In his earlier prose Milton had written with eloquent power of the virtues of the republic, the right to freedom of speech, the need for easier divorce. In his epic he turned to battles in Heaven and joys in Eden, to the Fall, and the promise of redemption from a corrupt world. But if the Good Old Cause and the rule of the saints were behind him, they were not forgotten. His poem was a cry to the nation to defy tyranny and to reject corruption and luxury. Moreover the fallen world that the Archangel Michael shows to Adam and Eve could appear a direct criticism of Charles II’s court:

The brazen Throat of war had ceast to roar,

All now was turn’d to jollitie and game,

To luxurie and riot, feast and dance,

Marrying or prostituting, as befell,

Rape or Adulterie, wher passing fair

Allurd them; then from Cups to civil Broiles.

Driven from Eden by their own sin, banished by the angel’s flaming sword, Milton’s fallen couple enter a world where the future is all uncertain. But they still have the power to choose their way ‘with Providence their guide’.

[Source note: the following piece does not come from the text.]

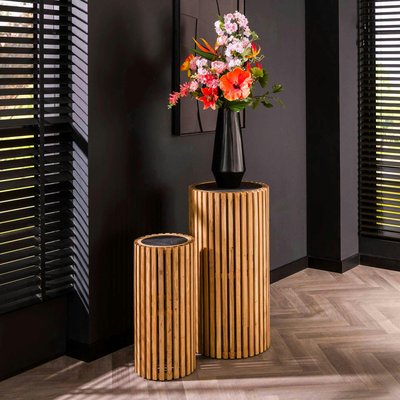 Sellette en bois d'acacia et ardoise (lot de 2) MELBOURNE PIER IMPORT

Charles rejected the guidance of Providence, and thought he could make his own luck. But this proved hard. It seemed a dark hour, yet in this space of winter and spring, between the Fire and the warmer days when the fleets might set out again and threaten war, a powerful sense of life revived flowed through his capital. Its clashing voices were full of energy, from Wren’s grand plans to Margaret Cavendish’s ambitious imaginings, from the experiments of the Royal Society to the sonorous, severe yet lyrical visions of Milton. These too, like the tributaries that flowed into the Thames, mixing their streams and blending at last with the sea, were part of the currents and counter-currents of Charles’s first decade.